In chapter three, the factory, the citizens of this world are excited for the unveiling of World Of Goo Corps. newest product, known only as "Product Z".  The goo-balls are trying to navigate and escape the factory, all of its forgotten and failed experimental merchandise haunting the memories of the player.  The exits in this chapter are typically only accessible by destroying or dismantling one of these nightmarish machinations.  On the last level of the chapter, the goo-balls find that they have been used the whole time to fire up the launch of Product Z, which turns out to be a laser that converts the whole world into the internet.
Chapter four is the new world of this internet.  The landscape is vacant, with bits of pointless information clogging up the tubes.  One level has you collecting pieces of a chat-room conversation, which are made of digital goo.  The goo-balls come across a search engine called MOM who tells them that the way to fix the world and end the World of Goo Corps. is to go to the depths of the recycle bin and un-delete every piece of information within.  They do so, and the Corps. is overrun with information, which blows up the HQ, restoring the world to its prior state.

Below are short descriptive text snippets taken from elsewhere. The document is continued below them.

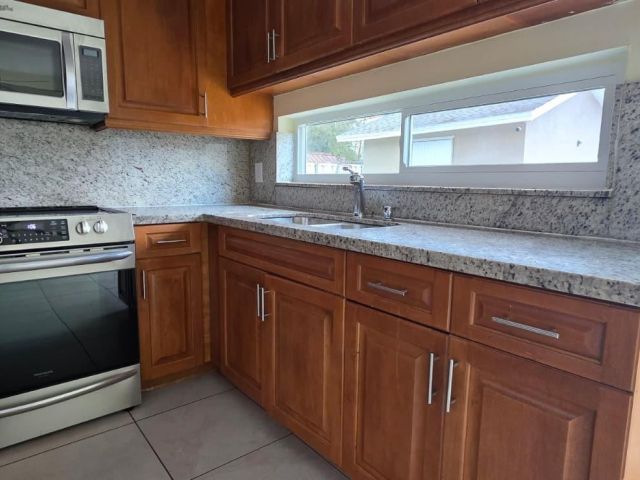 Дом в аренду по адресу 5900 Atlanta St - фото 7472242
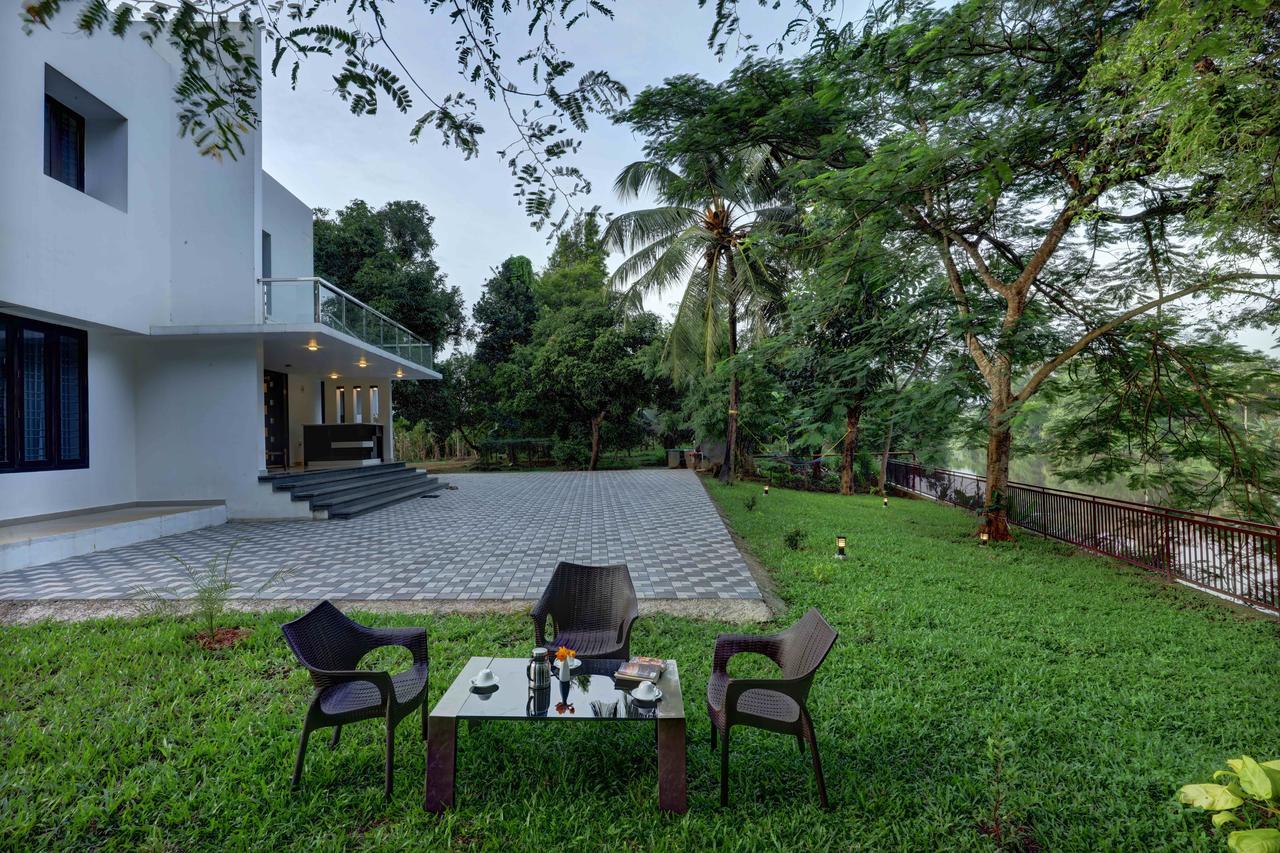 นาธิโยราม ริเวอร์ รีทรีต Bed & Breakfast Kochi ภายนอก รูปภาพ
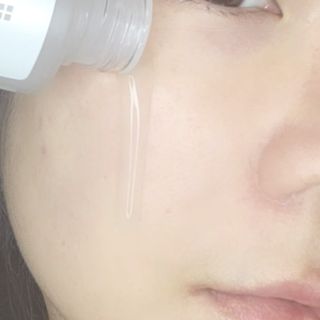 리더스코스메틱 리더스 퍼스트 샷 액티브 에센스 에이지 컨트롤 — 5점을 준 리뷰어가 2021년 12월 올린 사용 사진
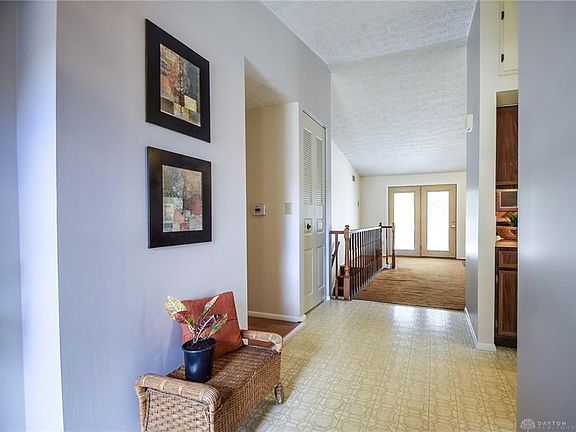4th image of 6073 Pine Glen Ln
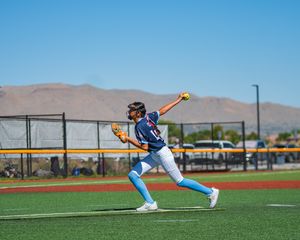 Image post by @softballyouth on Instagram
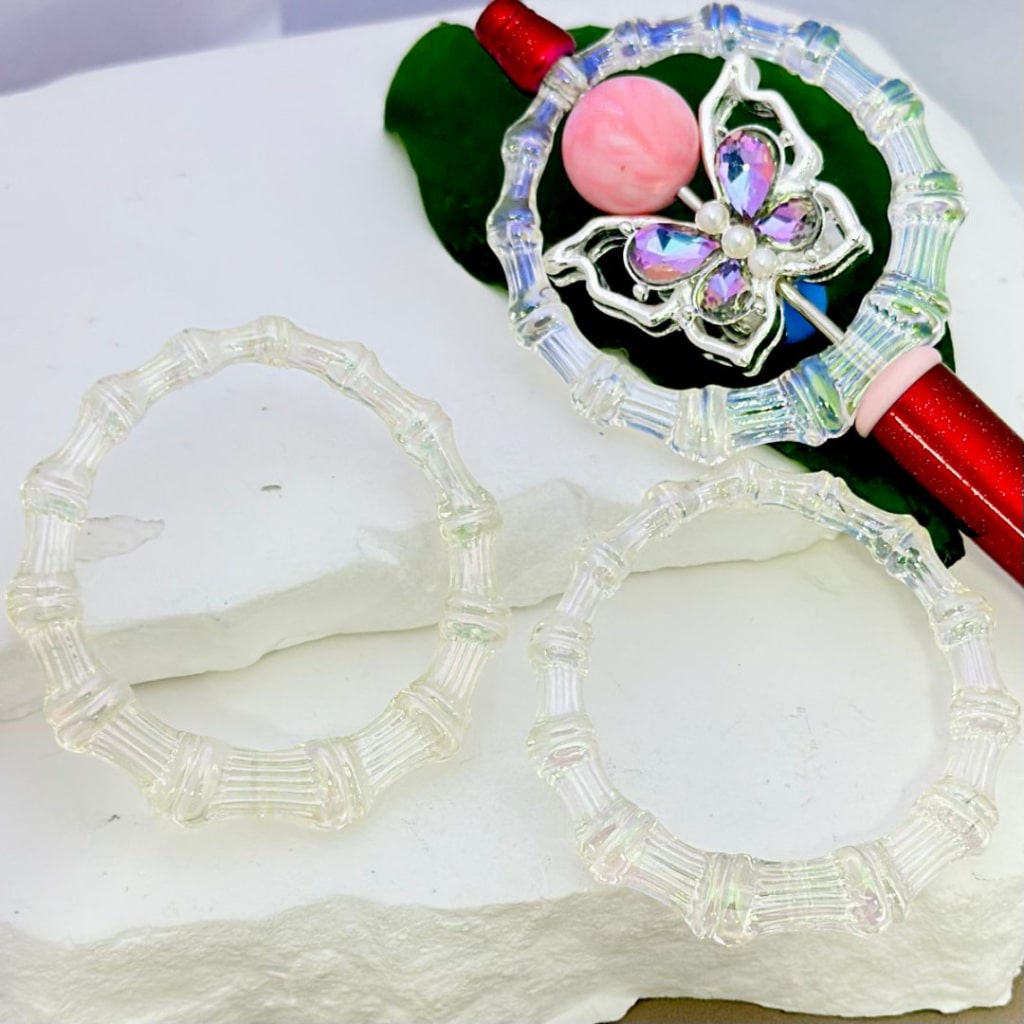 UV Finish Clear Round Acrylic Bamboo Link Loop Ring Beads, Around 52MM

There is an epilogue with levels to complete, but it basically equates to "beyond the end" and nothing more.  But beyond the epilogue is a clever little scene that sarcastically stabs at Downloadable Content (DLC).  In a lot of games nowaday, DLC is a sly way for a game developer to squeeze more money out of consumers without delivering much of a product.  In this scene in World of Goo, a little sales shack lies by a cliff in the middle of nowhere.  The proprietor of this DLC stand is interested in selling you a World of Goo T-shirt, or tourist's map (but upon inspection of his inventory, discovers he is fresh out).  Eventually, he settles on giving you the only thing left in stock.  When you go to look at it, it is a blimp with a banner that reads, "I bought a blimp".

SPOILERS END HERE.

World of Goo is part of the indie movement, made by the studio 2D Boy.  The indie movement has only grown stronger over time.  These are mostly games that seek to be art in a market that is so sure that games are only good as entertainment.  Where most studio releases all stick to the same tried-and-true formulas, games like World of Goo are unlike any other that exists, combining beautiful art design with thoughtful and original gameplay.  If there is anyone working to vindicate video games as an art form, it is our independent auteurs.